墙上的人影重合在一起,张瑞年已经把身体完全**了人像里面,此时他只能透过人像的两只眼睛看到外面的情况,说是眼睛,其实就是两个窟窿而已,前面说过,王金龙的两个手下被缝成了人像后,就没有了眼睛。张瑞年夹在它的前后两片皮之间,就好像馅饼里的馅儿,在这里,他尝试着向前伸手,就像不久前它们伸手抓自己时那样,不过说也奇怪,这个时候,所有的线都远离他的身体,疼痛的感觉慢慢消退了,他体会到前所未有的舒畅。
站在那张人皮后面,他开始盘算自己如何才能逃出去,既然这张皮可以在把手伸到外面去,那自己为什么不可以呢?他学着刚才那怪物的样子,也试图将手伸到屏风外面,没有成功。

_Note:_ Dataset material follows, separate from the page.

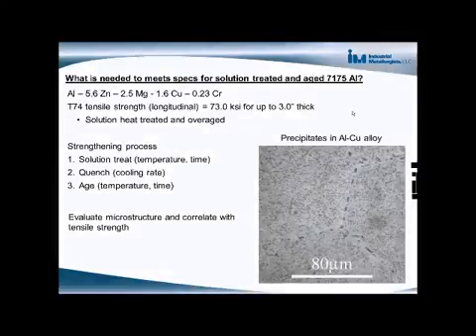The next question is: what is needed to meet specs for solution-treated and aged 7075 aluminum? As I discussed in the first question, this is a high-strength aluminum — one of the highest-strength aluminums that we can get.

张瑞年心想:会不会是因为那层皮阻挡的缘故?如果是的话,就只有一个办法,那就是从它空洞的眼睛里钻出去,他看了看那两个窟窿,自然小得可怜,自己这么大的个子,该如何钻呢?“不管怎么样,先试试再说吧!”他对自己说道,于是作了一个深呼吸后,他把脑袋用力向前探去,说也奇怪,这次竟然没遇到什么阻力,他就从屏风中探出了头。
如今他的头已经露在外面,从墙壁上的阴影来看,只有头暴露在外面,而自己的身体还缩在里面,他果真是从人像的两眼中钻出来的,而且他的头是分作了两股,像两个长条茄子的形状,每只眼睛里钻出一股,各自悬浮在半空,样子煞是恐怖,看到自己的样子,他不禁暗自苦笑:原来自己往往是被其他古怪的东西给吓一大跳,现如今,自己都能被自己的样子给吓到,如果这样子被别人看到了,恐怕早就被吓得吐血而亡了。
他并没有耽误时间,顺着人皮的眼睛继续往外爬,在这个过程中,他的头开始合拢,接着出来的身体也在外面合并成为一体,最后他连滚带爬地从那两个狭小的窟窿里钻出来,伸出手摸摸自己的脸,又拍打着自己的肚皮,确认自己是一个人后,才松了一口气,从地上慢慢站起来。